So it’s blame the woman, or in this case the women time in this election season and the 2012 presidential campaign hasn’t even started yet. Darling of the right and Republican front runner (as much as there is one at this point) ended his presidential run before it begin because his wife and four daughters vetoed it:
But instead of an upbeat notification detailing kick-off plans, close Daniels allies were surprised to wake up Sunday morning to an email from the Indiana governor saying he would forgo a run. The lucky few – like conservative commentator George Will, a Daniels friend – got a personal call the day before.

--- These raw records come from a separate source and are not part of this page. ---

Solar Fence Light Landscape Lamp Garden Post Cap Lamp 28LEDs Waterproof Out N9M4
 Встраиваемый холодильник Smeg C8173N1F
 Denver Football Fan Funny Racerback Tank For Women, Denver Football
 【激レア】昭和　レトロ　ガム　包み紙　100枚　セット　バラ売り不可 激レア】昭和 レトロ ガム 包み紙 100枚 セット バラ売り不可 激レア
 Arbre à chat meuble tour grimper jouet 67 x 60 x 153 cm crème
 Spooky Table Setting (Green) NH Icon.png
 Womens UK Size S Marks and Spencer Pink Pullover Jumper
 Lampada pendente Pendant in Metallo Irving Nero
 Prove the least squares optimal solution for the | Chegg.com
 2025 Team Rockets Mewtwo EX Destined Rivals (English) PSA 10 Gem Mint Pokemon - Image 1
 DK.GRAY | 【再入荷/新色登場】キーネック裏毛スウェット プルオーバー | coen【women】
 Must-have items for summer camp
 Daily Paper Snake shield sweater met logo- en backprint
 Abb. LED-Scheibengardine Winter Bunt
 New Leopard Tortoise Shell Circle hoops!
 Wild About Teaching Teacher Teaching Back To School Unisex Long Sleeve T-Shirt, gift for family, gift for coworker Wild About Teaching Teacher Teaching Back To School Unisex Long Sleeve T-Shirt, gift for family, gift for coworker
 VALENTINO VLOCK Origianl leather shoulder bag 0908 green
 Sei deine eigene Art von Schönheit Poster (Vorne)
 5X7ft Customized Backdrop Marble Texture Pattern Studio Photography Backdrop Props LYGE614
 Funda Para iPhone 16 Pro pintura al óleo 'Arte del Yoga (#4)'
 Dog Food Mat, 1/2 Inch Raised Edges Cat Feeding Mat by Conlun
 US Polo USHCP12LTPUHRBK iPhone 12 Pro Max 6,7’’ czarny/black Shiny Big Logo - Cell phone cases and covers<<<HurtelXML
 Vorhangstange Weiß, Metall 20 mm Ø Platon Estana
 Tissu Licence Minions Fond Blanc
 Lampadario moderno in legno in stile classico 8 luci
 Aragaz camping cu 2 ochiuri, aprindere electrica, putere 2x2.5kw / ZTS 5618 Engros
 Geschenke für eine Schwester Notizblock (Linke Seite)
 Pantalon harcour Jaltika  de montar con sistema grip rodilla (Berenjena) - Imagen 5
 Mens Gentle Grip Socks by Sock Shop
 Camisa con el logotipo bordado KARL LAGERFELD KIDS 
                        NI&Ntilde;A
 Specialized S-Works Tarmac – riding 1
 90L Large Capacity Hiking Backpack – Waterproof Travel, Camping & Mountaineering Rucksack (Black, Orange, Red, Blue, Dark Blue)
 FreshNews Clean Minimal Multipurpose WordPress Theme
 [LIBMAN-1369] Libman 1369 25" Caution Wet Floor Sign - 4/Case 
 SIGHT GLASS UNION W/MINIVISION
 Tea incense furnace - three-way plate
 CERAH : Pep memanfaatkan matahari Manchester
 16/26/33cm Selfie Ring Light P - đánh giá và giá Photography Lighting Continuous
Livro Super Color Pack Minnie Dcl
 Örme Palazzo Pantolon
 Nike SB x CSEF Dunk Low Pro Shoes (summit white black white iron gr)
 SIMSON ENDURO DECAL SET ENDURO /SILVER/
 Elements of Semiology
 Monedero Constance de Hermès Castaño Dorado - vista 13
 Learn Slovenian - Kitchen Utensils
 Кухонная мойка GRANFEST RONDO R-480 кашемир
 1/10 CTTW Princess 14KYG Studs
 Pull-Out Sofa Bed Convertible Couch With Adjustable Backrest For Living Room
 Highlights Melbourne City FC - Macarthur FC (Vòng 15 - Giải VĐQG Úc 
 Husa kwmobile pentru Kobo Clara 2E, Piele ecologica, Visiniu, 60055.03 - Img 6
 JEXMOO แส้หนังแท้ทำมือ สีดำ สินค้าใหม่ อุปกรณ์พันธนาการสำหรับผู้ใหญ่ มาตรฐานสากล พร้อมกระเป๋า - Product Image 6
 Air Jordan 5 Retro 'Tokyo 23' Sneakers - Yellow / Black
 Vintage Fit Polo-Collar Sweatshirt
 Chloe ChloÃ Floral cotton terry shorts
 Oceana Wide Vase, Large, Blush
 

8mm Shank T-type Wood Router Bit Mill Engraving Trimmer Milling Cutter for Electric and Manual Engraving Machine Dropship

Daniels’ message by voice and in writing was the same – his wife and their four grown daughters had veto power on a campaign, and they had exercised it. If anyone wondered about the depth of Cheri Daniels’s concerns about the prying eyes of the public, those questions were more than answered in a string of stories and columns focused on her and her husband around the time of her May 12 speech at an Indiana Republican Party dinner.
Earlier reports of their unorthodox relationship – Marriage. Divorce in 1993. Re-married in 1997. With his wife marrying another man in the intervening years and leaving the girls with their father during that – led to many question Cheri Daniels character and her ability as a mother, with many saying she abandoned her daughters. Apparently the scrutiny was too much:
“Now, because of her husband’s prominence in national politics, Cheri Daniels is facing harsh judgments,” wrote “On Parenting” blogger Janice D’Arcy in the Washington Post just last week, adding readers had used the word “abandoned” in the comments section in connection with the split and her kids.
The question, whispered about by Republican elites and fanned by operatives in some rival camps, was gaining such traction that Daniels himself sought to snuff out the whiff of bad parenting in a strong statement to the Indianapolis Star, delivered separately from the one in which he bowed out of the national race.
Those family concerns clearly weighed heavily on the Daniels clan, and ultimately won the day.
“I guess I had always hoped and believed they would find a way, that the governor and his family would find a way to accommodate this run,” close friend Tom Bell told POLITICO. “But I think that was wishful thinking of my part.”
It just shows how in modern day politics any hint of scandal can end a campaign before it begins. And since this is all very public knowledge, there would have been no way to hide this from probing public. Oh well, anther one bites the dust.